> **Activity**:
Beginning with the line containing "Tradicional clássico rústico" and ending at the last line of the records, transcribe each line exactly. Do not include pictures.

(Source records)
- - -
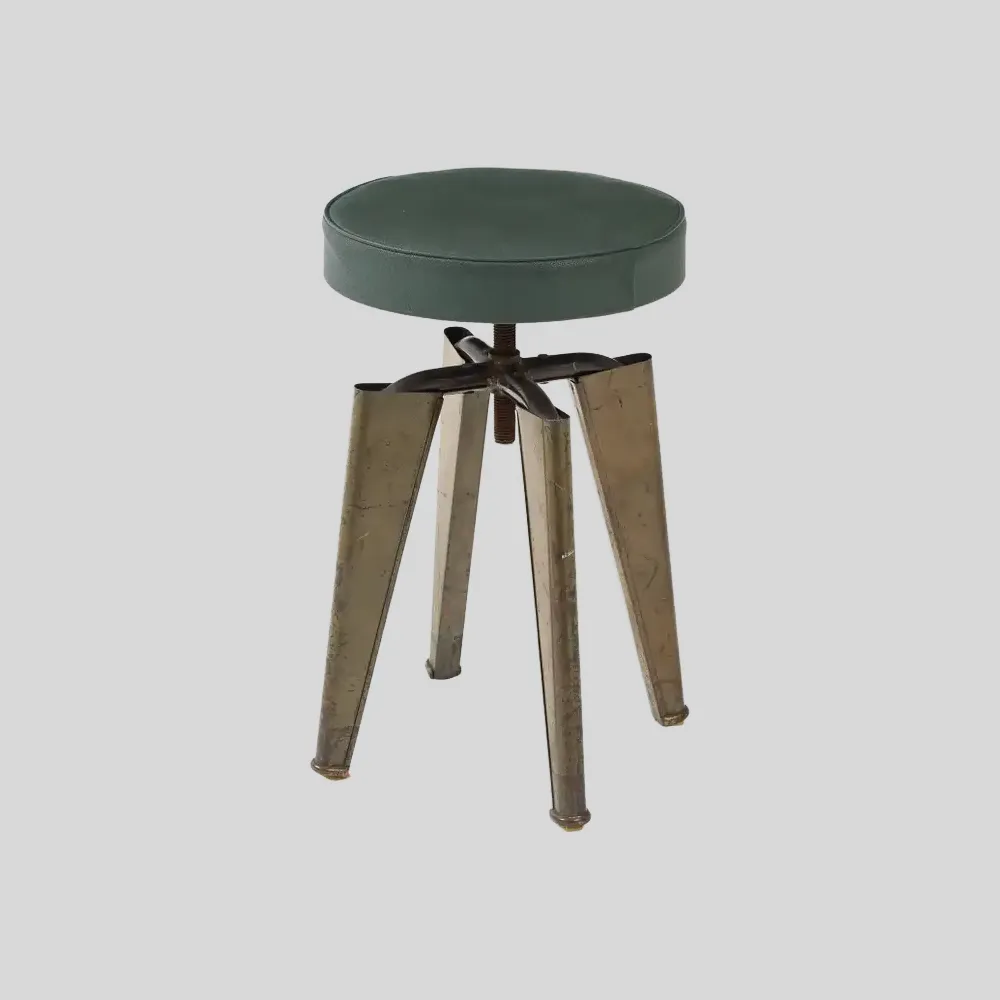 Maison Dominique 'Clemenceau' Stool France, c. 1957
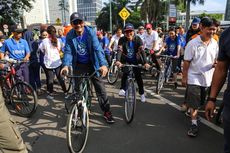 Trotoar Sudirman-Thamrin Dilengkapi Jalur Sepeda dan Tempat Nongkrong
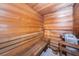 Relax in this clean and well-maintained wooden sauna at 19029 Us Highway 19 N # 9-706, Clearwater, FL 33764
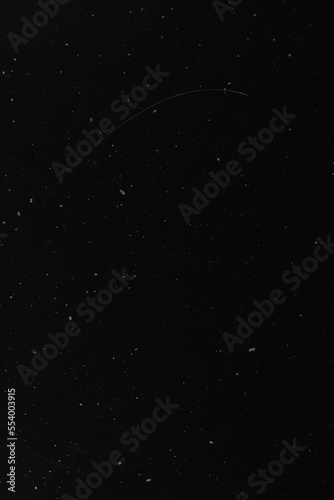 Fototapeta Naklejka Na Ścianę i Meble -  Dust and scratches design Black abstract background Vintage effect Copy space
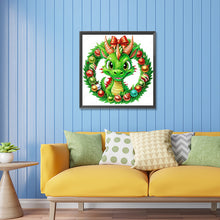 Load image into Gallery viewer, Diamond Painting - Partial Special Shaped - Green little dinosaur (30*30CM)
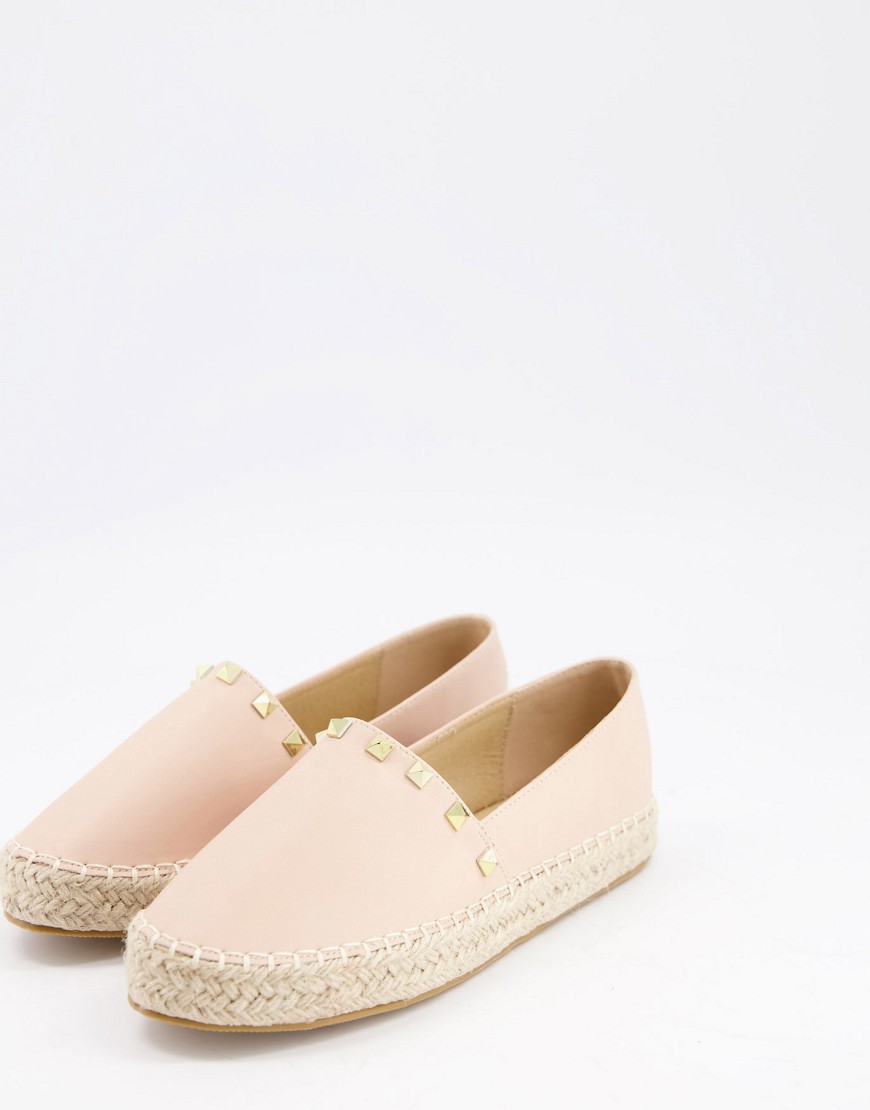 Truffle Collection chunky espadrilles in beige-Neutral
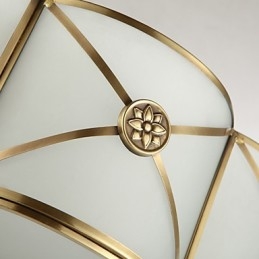 Tradicional clássico rústico lodge latão metal montagem embutida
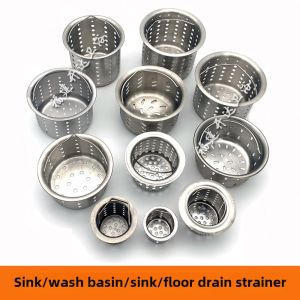 Stainless Steel Kitchen Sink Strainer Vegetable Washing Basin Drain Filter Basket Sink Drainage Dishwashing Sink Funnel Filter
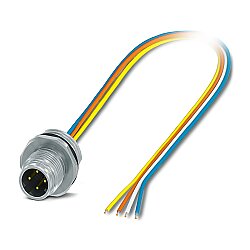 SACC-E-MSD-4CON-M16/0,5 PP - Cihaz geçmeli konnektörü önde montaj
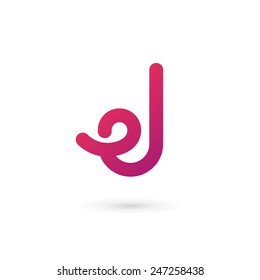 Letter D logo icon design template elements 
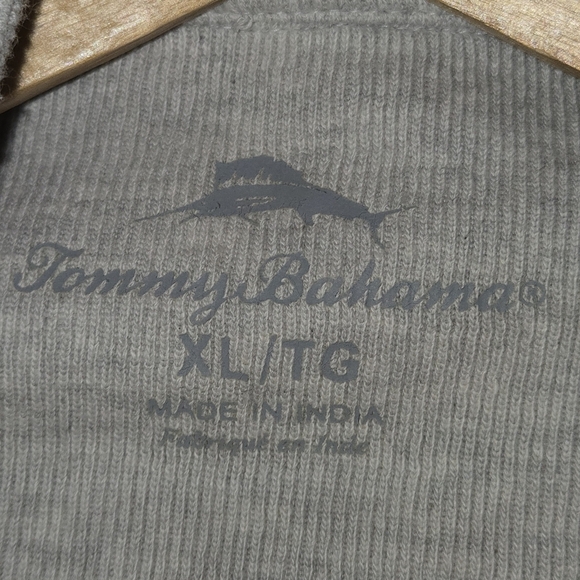 New Tommy Bahama Mens Xl Gray Zip-Up Vest - Picture 7 of 13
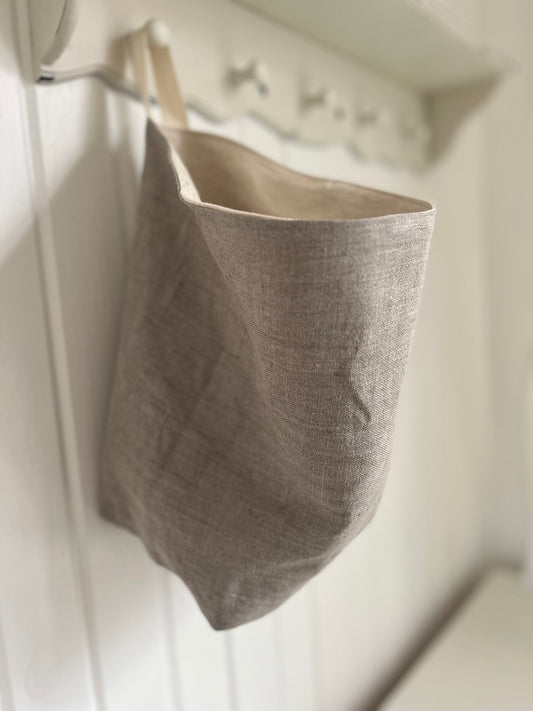 The Linen + Canvas All-Purpose Sack | Reversible Linen Organization Sack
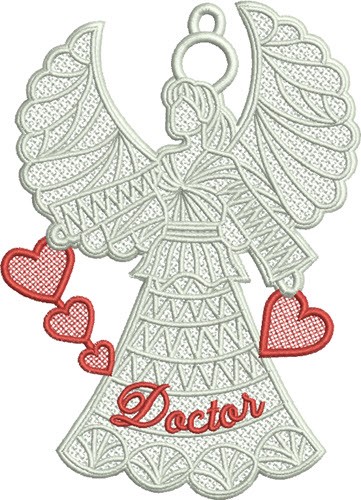 FSL Doctor Angel Machine Embroidery Design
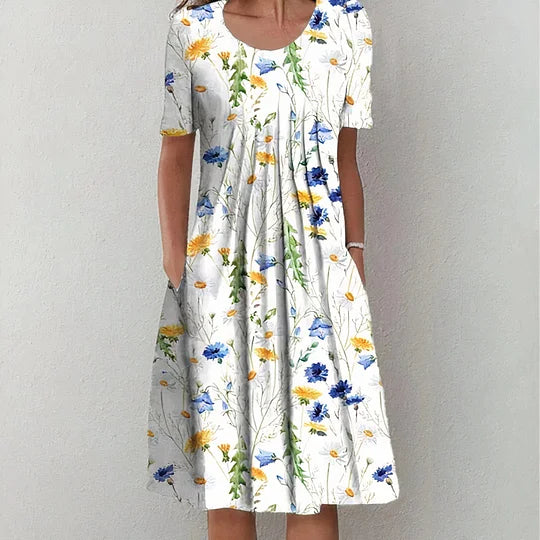 Vestido midi fluído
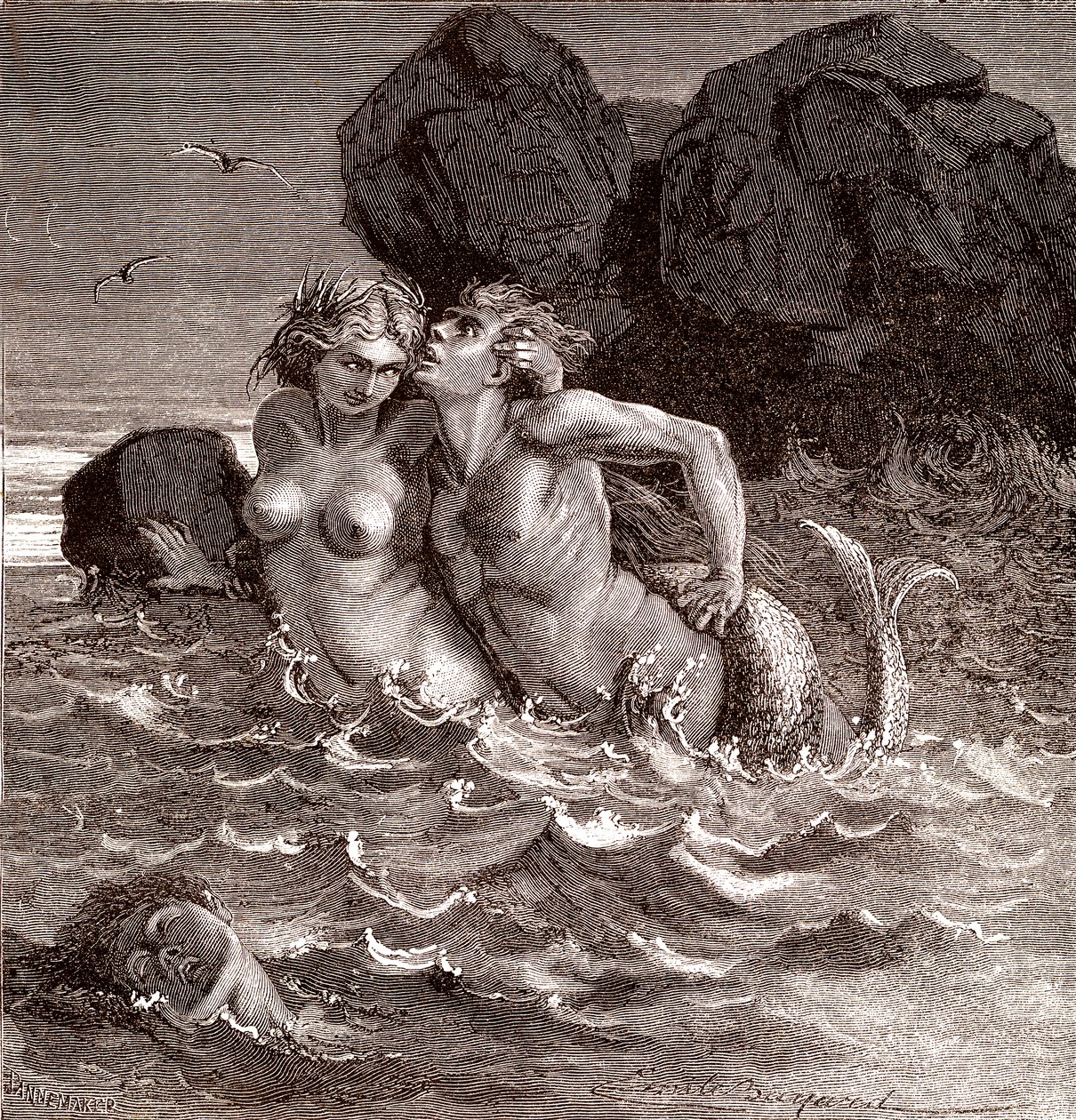 A sereia de Emile Antoine Bayard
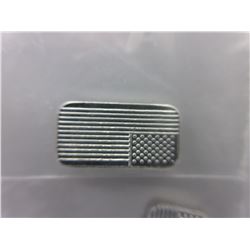 4 x .999 Fine Silver "American Flag" bars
- - -
> **Response area**:
 Tradicional clássico rústico lodge latão metal montagem embutida
 Stainless Steel Kitchen Sink Strainer Vegetable Washing Basin Drain Filter Basket Sink Drainage Dishwashing Sink Funnel Filter
 SACC-E-MSD-4CON-M16/0,5 PP - Cihaz geçmeli konnektörü önde montaj
 Letter D logo icon design template elements 
 New Tommy Bahama Mens Xl Gray Zip-Up Vest - Picture 7 of 13
 The Linen + Canvas All-Purpose Sack | Reversible Linen Organization Sack
 FSL Doctor Angel Machine Embroidery Design
 Vestido midi fluído
 A sereia de Emile Antoine Bayard
 4 x .999 Fine Silver "American Flag" bars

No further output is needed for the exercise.